The solution to the problem of misrepresentation lies in educating the public about the various facets and diverseness of the Latin American people and culture, not focusing solely on the wrongdoings, according to Rodriguez.
“Latino oriented media–more than 1,000 television affiliates, some 400 radio stations, and hundreds of Spanish, English, and bilingual publications–are one facet of the increasing visibility of the ethnoracial group that will soon be the largest minority group in the United States,” Rodriguez said.
Many Latin American students at Temple believe that as the public becomes more educated about the diversity within the Latin American people and they gain prominence socially and economically, many of the stereotypes that plague the Latin American community will cease to exist.

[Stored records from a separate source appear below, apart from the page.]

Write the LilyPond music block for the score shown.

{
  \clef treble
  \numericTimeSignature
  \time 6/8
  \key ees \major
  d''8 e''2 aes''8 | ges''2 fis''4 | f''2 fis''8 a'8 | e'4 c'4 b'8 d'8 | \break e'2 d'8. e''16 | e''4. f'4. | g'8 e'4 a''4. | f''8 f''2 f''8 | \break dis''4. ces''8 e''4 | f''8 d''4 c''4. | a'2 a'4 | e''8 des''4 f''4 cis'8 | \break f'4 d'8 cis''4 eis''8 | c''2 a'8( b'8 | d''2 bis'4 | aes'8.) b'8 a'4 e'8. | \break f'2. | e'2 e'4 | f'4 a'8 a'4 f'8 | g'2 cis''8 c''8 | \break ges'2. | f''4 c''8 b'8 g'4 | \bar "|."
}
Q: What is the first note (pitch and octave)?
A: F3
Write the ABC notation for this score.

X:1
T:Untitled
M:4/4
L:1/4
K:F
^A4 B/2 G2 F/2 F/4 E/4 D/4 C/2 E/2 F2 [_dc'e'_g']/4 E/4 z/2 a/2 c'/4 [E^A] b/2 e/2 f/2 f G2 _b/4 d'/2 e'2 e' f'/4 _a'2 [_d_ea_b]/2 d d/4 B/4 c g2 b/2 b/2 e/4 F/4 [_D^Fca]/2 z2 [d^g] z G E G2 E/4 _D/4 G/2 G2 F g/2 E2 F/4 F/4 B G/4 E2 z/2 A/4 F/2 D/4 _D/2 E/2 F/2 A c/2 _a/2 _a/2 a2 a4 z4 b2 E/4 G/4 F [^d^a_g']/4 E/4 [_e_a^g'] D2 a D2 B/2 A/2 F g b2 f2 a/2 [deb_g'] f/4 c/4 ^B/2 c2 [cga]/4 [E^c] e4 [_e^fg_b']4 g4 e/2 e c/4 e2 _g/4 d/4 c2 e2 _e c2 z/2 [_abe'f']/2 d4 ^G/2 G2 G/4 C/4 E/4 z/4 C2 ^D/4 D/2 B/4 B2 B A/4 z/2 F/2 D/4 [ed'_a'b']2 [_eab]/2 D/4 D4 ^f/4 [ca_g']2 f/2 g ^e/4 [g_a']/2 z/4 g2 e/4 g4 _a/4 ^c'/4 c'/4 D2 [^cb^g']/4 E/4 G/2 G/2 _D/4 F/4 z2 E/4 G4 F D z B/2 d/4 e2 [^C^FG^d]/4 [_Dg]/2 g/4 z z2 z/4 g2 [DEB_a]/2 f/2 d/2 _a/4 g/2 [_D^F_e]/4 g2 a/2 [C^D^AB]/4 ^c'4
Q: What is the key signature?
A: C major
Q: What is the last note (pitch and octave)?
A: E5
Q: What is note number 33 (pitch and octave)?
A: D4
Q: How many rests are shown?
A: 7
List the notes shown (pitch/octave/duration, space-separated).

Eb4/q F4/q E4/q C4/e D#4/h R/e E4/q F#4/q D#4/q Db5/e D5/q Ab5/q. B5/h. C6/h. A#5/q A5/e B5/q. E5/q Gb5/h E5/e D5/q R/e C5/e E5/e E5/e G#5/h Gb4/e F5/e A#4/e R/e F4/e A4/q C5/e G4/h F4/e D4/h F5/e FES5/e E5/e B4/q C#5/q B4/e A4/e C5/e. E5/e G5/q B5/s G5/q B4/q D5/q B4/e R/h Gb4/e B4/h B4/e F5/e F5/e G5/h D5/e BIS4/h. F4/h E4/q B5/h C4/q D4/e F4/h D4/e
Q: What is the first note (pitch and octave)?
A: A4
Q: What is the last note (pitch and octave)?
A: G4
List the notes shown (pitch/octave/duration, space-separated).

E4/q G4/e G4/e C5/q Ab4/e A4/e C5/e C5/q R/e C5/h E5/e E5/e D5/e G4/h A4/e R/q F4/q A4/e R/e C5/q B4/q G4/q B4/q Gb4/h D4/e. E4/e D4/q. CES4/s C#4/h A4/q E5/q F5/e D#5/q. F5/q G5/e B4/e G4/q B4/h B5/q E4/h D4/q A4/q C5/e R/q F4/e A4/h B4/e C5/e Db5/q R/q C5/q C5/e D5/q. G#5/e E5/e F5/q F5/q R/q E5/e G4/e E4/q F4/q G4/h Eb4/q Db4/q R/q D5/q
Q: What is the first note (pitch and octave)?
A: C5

“Our generation has more Latinos that are born and raised in the United States so they have a better chance of getting a better education, like myself,” said junior film and media arts major Yirelis Rodriguez.
“As Latinos become more educated they will feel obligated to teach more Latinos, which will improve the Latino community as a whole,” added Legna Serrano, a sophomore whose major is undeclared.
When asked about the effectiveness of Latino Heritage Month, Serrana said: “They (the organizers of Latino Heritage Month) do some good but not that much. They need to do more than just put up calendars. Maybe have a Spanish party that isn’t just about Salsa.”
“I think it [Latino Heritage Month] helps bring awareness about their [Latinos] culture and it brings unity within the Latino community,” countered sophomore journalism and English major Erin Taylor. “Everyone should be educated about other cultures therefore that would take away stereotypes other minority groups have about each other.”